DATA TO PROCESS.
<<<<

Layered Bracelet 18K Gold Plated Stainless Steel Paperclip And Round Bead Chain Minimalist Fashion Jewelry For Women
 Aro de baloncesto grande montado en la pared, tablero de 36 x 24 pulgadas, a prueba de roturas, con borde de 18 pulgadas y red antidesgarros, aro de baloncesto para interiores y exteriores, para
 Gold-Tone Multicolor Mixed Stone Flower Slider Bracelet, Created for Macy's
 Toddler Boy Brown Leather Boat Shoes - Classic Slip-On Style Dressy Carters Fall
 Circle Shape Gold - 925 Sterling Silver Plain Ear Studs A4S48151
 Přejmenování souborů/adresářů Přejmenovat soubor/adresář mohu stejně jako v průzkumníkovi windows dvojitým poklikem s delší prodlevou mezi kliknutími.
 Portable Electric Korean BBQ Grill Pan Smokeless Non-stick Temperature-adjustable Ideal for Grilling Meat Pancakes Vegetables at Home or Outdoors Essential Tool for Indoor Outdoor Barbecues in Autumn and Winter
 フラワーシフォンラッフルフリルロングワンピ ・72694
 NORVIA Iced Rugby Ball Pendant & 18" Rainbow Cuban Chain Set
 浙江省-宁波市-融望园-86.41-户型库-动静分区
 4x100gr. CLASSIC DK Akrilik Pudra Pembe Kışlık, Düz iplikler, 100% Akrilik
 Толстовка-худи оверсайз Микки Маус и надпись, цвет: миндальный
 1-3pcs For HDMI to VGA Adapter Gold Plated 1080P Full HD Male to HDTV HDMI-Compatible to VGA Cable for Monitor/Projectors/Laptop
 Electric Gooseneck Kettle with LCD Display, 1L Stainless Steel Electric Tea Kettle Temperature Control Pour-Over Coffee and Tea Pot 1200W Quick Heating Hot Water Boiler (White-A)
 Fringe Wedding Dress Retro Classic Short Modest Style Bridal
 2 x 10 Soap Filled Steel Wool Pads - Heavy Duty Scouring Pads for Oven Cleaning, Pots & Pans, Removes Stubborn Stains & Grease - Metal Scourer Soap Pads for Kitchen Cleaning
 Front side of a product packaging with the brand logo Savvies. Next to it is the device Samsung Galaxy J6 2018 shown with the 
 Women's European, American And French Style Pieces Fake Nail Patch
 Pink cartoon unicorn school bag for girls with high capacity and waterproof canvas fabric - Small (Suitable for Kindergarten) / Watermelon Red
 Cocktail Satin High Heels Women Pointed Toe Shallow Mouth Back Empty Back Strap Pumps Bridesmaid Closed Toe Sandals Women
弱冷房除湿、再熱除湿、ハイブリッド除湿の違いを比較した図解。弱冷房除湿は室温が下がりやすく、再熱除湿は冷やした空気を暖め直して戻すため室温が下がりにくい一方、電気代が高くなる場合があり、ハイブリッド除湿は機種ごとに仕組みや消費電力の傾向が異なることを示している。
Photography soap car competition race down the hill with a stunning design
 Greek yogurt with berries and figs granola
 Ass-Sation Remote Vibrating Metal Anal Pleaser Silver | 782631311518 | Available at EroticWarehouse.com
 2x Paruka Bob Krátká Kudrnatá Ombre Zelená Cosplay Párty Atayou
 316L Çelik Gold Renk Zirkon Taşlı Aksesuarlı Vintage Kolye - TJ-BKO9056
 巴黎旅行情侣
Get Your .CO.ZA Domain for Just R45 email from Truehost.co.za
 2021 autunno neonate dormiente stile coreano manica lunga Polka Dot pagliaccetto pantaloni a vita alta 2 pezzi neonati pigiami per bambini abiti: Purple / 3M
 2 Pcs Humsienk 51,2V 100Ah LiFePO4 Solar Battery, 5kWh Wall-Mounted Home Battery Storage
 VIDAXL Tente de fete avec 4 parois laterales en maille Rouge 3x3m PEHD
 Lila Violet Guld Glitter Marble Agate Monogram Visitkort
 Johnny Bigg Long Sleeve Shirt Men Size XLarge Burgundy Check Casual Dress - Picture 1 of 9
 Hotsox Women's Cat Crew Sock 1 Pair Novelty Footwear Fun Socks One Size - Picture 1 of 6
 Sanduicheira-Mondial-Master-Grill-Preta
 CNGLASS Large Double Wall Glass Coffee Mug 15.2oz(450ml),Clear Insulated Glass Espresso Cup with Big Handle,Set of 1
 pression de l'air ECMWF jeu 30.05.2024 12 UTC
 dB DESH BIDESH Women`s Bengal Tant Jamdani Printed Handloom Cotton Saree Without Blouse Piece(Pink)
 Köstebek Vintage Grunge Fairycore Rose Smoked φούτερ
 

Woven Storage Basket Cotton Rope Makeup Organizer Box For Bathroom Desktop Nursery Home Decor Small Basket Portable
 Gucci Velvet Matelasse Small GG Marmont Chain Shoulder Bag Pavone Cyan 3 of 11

>>>>

PROMPT. Would you please copy every line in the data that contains the word "Storage"?

RESULT BELOW.
 2 Pcs Humsienk 51,2V 100Ah LiFePO4 Solar Battery, 5kWh Wall-Mounted Home Battery Storage
Woven Storage Basket Cotton Rope Makeup Organizer Box For Bathroom Desktop Nursery Home Decor Small Basket Portable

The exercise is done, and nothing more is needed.